## DATASET RECORDS
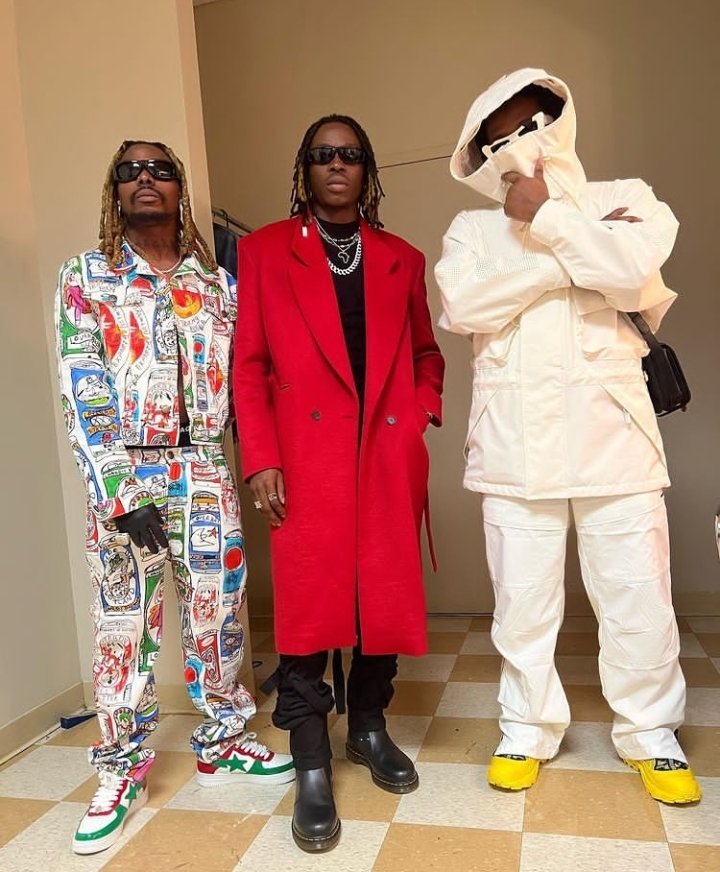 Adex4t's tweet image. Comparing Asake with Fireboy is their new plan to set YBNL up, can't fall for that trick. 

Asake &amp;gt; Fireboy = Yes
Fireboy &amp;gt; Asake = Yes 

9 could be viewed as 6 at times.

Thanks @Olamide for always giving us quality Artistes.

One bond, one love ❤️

...

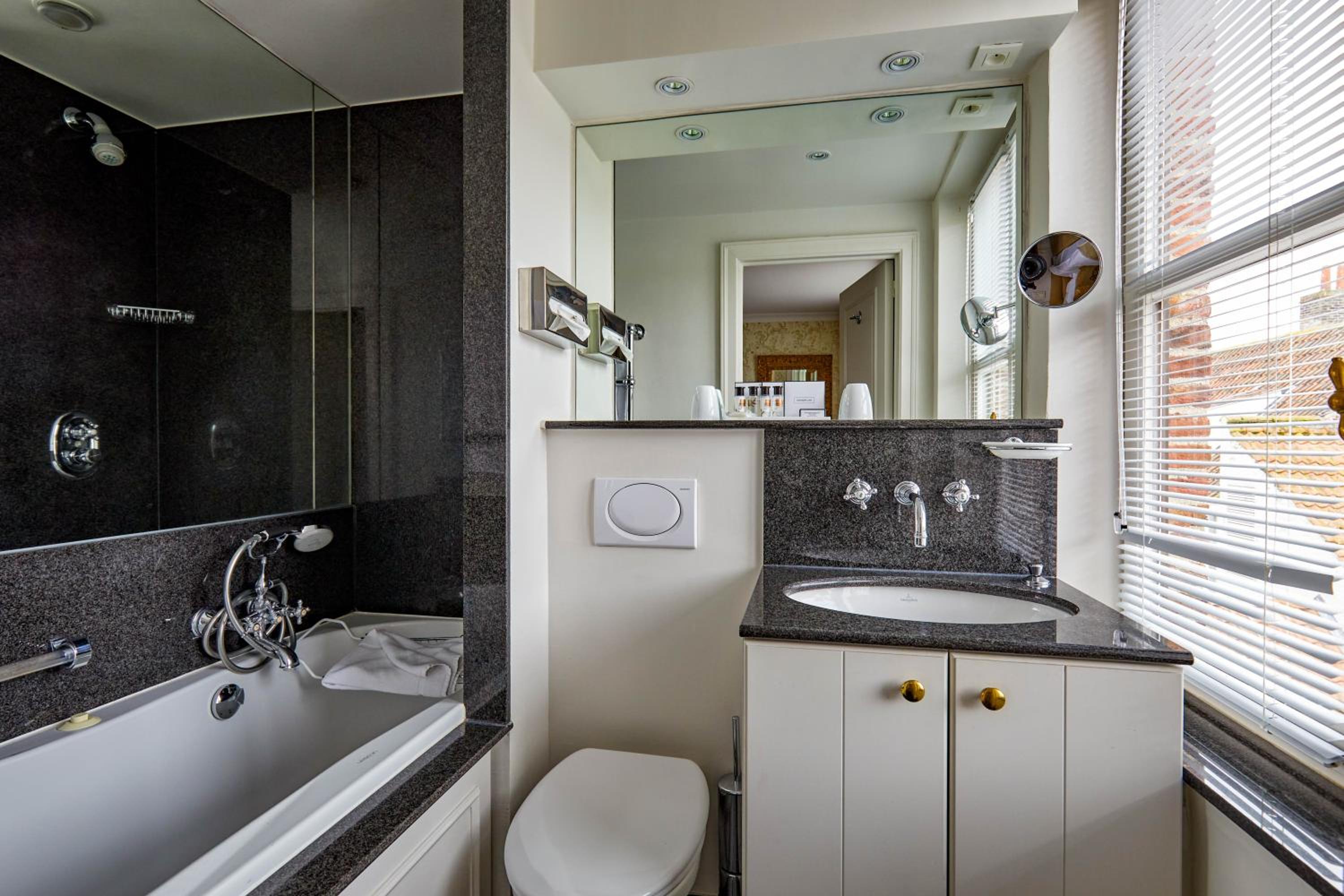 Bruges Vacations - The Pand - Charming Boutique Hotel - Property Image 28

---

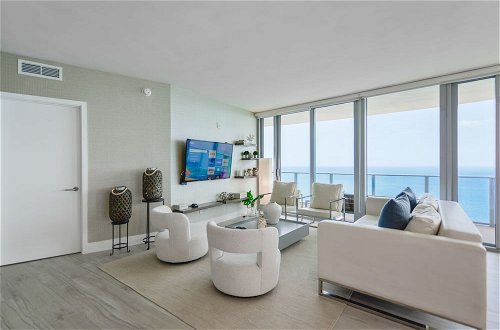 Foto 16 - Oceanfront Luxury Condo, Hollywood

## TASK PROMPT
"Adex4t's tweet image." marks the first line to copy, and "One bond, one love ❤️" marks the last. Repeat that stretch above exactly, with no pictures.

## YOUR RESPONSE
 Adex4t's tweet image. Comparing Asake with Fireboy is their new plan to set YBNL up, can't fall for that trick. 

Asake &amp;gt; Fireboy = Yes
Fireboy &amp;gt; Asake = Yes 

9 could be viewed as 6 at times.

Thanks @Olamide for always giving us quality Artistes.

One bond, one love ❤️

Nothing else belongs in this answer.